Il re di Ninive ascoltò il profeta Giona inviato da Dio per risvegliare un popolo ubriaco di se stesso, i Niniviti reagirono e si decretò il pentimento. La misericordia di Dio entrò nel cuore rivelando e manifestando ciò che è la nostra certezza e la nostra speranza: c’è sempre la possibilità di cambiare, siamo in tempo per modificare e cambiare, convertire quello che ci sta distruggendo come popolo e che ci sta degradando come genere umano. Il profeta Giona aiutò a vedere, a prendere coscienza. Subito dopo la sua chiamata trova uomini e donne capaci di pentirsi, capaci di piangere.

Piangere per l’ingiustizia e per l’oppressione. Sono le lacrime che possono aprire la strada al cambiamento; sono le lacrime che possono ammorbidire il cuore, sono le lacrime che possono purificare lo sguardo e aiutare a vedere la spirale di peccato in cui molte volte siamo immersi. Sono le lacrime che possono generare una rottura che ci conduce alla conversione. Così accadde a Pietro dopo aver rinnegato Gesù: pianse e le lacrime gli aprirono il cuore. Chiediamo a Dio il dono della conversione, il dono delle lacrime; chiediamogli di poter avere il cuore aperto come i Niniviti al suo appello nel volto sofferente di tanti uomini e di tante donne.

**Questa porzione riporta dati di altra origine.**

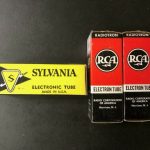 SYLVANIA & RCA ELECTRON TUBE P/N 12BA6 (LOT OF 3 UNITS) NS COND # 12953 - Image 2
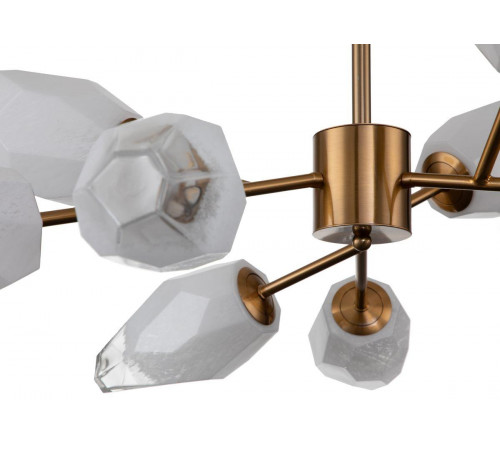 Люстра на штанге Indigo Boccio 13003/9C Brass V000004 Люстра на штанге Indigo Boccio 13003/9C Brass V000004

Mai più morte e sfruttamento! C’è sempre una via di uscita e c’è sempre un’opportunità, c’è sempre tempo per implorare la misericordia del Padre. Come avvenne al tempo di Giona anche oggi scommettiamo sulla conversione; ci sono segni che diventano luce nel cammino e un annuncio di salvezza. Ricordiamoci del Salmo 51, «Per la tua immensa compassione e misericordia, Signore, abbi pietà di noi… purificaci dai nostri peccati e crea in noi un cuore puro, uno spirito puro».